Ironisnya, Pemerintah Provinsi (Pemprov) DKI Jakarta memilih diam. Tak ada pembongkaran. Tak ada sanksi. Tak ada ketegasan. Diamnya aparat justru menegaskan ironi klasik: hukum di Jakarta begitu galak kepada rakyat kecil, tapi mendadak jinak di hadapan pemilik modal.
Pengamat kebijakan publik sekaligus akademisi, Awy Eziary, S.H., S.E., M.M., menilai pembiaran ini sebagai bentuk pengkhianatan pemerintah terhadap amanah rakyat.
“Ini bukan sekadar pelanggaran administratif, melainkan ancaman langsung terhadap keselamatan publik.

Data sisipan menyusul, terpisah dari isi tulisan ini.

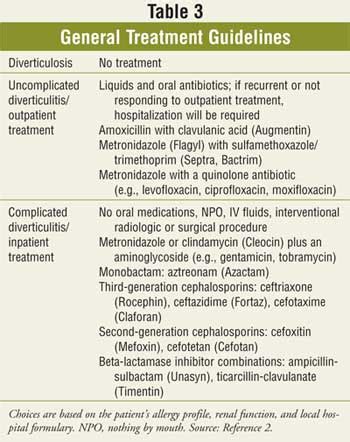 Diverticulitis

Pemerintah sudah lalai melindungi warganya,” ujar Awy, Selasa (30/9/2025).
Awy bahkan menyebut sikap diam Pemprov DKI sebagai tanda bahaya bagi tata kelola kota. “Tanpa keberanian menegakkan hukum, Jakarta akan berubah menjadi kota liar yang dikendalikan uang dan jaringan gelap. Kalau reklame ini tidak segera dibongkar, aturan hukum tak lebih dari dekorasi belaka,” tegasnya.
Ia juga mendesak investigasi mendalam atas dugaan keterlibatan oknum kuat di balik proyek ilegal ini.
“Jika benar ada backing dari institusi tertentu, ini bukan lagi pelanggaran biasa. Itu pengkhianatan terhadap prinsip negara hukum,” tandasnya.
Desakan publik pun kian keras. Satpol PP, Dinas Cipta Karya, Tata Ruang, Pertanahan (DCKTRP), hingga Wali Kota Jakarta Barat dituntut bertindak. Penertiban reklame ini bukan soal estetika kota, melainkan soal integritas, keselamatan, dan martabat ibu kota.
Pembiaran seperti ini hanya menegaskan stigma lama. Hukum di Jakarta tajam ke bawah, tumpul ke atas. Bahwa uang dan kekuasaan lebih berkuasa daripada keadilan.
Sebagai etalase Indonesia, Jakarta tak pantas dibiarkan jadi panggung pelanggaran hukum terang-terangan. Kini bola panas ada di tangan Pemprov DKI, beranikah mereka menegakkan hukum secara adil, atau memilih membiarkan hukum runtuh bersama reklame ilegal yang mereka biarkan berdiri?*(ren)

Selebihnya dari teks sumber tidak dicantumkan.